- _Exercise brief_
Using the data beneath this instruction, retype only the lines from the one that contains "Rumah di Mazarrón, Región de Murcia 10884758" down to the one that contains "HMS BULLETPROOF TRIPLE", both included, exactly as they appear.

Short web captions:

----------

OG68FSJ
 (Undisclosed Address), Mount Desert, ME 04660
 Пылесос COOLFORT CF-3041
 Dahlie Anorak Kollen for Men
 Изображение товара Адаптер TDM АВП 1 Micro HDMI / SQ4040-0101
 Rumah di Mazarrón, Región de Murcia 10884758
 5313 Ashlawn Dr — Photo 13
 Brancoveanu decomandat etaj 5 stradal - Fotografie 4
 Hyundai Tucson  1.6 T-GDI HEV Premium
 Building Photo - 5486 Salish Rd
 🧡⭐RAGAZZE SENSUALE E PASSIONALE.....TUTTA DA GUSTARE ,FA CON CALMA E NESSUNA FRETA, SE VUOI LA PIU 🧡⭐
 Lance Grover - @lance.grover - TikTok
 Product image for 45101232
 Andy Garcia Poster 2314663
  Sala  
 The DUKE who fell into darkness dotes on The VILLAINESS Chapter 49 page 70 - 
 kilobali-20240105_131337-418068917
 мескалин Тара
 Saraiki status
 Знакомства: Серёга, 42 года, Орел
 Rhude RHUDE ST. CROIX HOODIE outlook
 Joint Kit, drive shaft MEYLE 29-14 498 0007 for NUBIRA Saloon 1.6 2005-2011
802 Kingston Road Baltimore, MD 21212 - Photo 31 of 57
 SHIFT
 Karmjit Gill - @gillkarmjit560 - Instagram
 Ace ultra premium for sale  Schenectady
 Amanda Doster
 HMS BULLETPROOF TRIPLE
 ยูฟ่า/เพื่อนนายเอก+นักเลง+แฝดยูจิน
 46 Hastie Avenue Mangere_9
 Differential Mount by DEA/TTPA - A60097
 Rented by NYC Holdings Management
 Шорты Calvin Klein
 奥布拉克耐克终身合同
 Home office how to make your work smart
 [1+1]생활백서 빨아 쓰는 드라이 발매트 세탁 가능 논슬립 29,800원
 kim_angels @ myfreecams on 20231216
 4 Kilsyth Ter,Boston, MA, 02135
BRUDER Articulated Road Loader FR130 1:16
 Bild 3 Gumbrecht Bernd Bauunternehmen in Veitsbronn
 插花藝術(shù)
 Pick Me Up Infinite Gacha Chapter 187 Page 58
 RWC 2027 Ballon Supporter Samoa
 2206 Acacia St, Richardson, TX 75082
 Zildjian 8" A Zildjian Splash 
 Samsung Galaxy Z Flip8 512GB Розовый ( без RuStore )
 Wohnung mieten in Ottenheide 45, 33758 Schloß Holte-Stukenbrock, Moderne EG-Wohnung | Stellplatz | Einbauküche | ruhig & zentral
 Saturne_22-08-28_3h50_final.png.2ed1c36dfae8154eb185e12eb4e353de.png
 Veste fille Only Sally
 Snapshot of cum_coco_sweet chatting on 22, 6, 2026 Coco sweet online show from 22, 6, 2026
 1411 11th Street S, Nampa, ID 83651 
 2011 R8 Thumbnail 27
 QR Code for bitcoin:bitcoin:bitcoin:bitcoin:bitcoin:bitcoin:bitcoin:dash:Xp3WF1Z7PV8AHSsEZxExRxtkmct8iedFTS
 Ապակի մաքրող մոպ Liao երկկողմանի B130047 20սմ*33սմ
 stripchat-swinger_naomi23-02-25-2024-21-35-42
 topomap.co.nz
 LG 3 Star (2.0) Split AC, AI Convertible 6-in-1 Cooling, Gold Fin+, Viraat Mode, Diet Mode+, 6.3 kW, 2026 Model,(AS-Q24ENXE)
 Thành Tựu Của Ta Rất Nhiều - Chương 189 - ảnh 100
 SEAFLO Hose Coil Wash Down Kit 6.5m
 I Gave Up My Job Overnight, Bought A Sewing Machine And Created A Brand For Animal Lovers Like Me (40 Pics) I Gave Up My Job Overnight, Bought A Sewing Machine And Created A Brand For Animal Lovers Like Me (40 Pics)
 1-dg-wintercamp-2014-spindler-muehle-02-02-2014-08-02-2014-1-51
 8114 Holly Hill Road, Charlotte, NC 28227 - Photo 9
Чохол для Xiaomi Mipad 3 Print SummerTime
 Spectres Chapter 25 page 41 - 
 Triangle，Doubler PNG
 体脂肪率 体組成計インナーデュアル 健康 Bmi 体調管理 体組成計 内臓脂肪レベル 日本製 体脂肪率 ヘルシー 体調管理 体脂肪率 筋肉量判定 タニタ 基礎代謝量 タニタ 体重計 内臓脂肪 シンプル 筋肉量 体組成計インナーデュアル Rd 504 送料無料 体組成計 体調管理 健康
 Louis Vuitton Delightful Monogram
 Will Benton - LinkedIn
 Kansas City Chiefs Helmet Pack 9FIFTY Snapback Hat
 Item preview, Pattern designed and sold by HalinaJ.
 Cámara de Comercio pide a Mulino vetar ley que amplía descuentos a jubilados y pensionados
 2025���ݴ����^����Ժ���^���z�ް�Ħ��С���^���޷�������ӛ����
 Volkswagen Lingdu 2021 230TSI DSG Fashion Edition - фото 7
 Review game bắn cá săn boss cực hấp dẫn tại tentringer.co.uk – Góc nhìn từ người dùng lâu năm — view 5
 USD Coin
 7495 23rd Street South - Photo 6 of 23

----------

- _Problem solution_
 Rumah di Mazarrón, Región de Murcia 10884758
 5313 Ashlawn Dr — Photo 13
 Brancoveanu decomandat etaj 5 stradal - Fotografie 4
 Hyundai Tucson  1.6 T-GDI HEV Premium
 Building Photo - 5486 Salish Rd
 🧡⭐RAGAZZE SENSUALE E PASSIONALE.....TUTTA DA GUSTARE ,FA CON CALMA E NESSUNA FRETA, SE VUOI LA PIU 🧡⭐
 Lance Grover - @lance.grover - TikTok
 Product image for 45101232
 Andy Garcia Poster 2314663
  Sala  
 The DUKE who fell into darkness dotes on The VILLAINESS Chapter 49 page 70 - 
 kilobali-20240105_131337-418068917
 мескалин Тара
 Saraiki status
 Знакомства: Серёга, 42 года, Орел
 Rhude RHUDE ST. CROIX HOODIE outlook
 Joint Kit, drive shaft MEYLE 29-14 498 0007 for NUBIRA Saloon 1.6 2005-2011
802 Kingston Road Baltimore, MD 21212 - Photo 31 of 57
 SHIFT
 Karmjit Gill - @gillkarmjit560 - Instagram
 Ace ultra premium for sale  Schenectady
 Amanda Doster
 HMS BULLETPROOF TRIPLE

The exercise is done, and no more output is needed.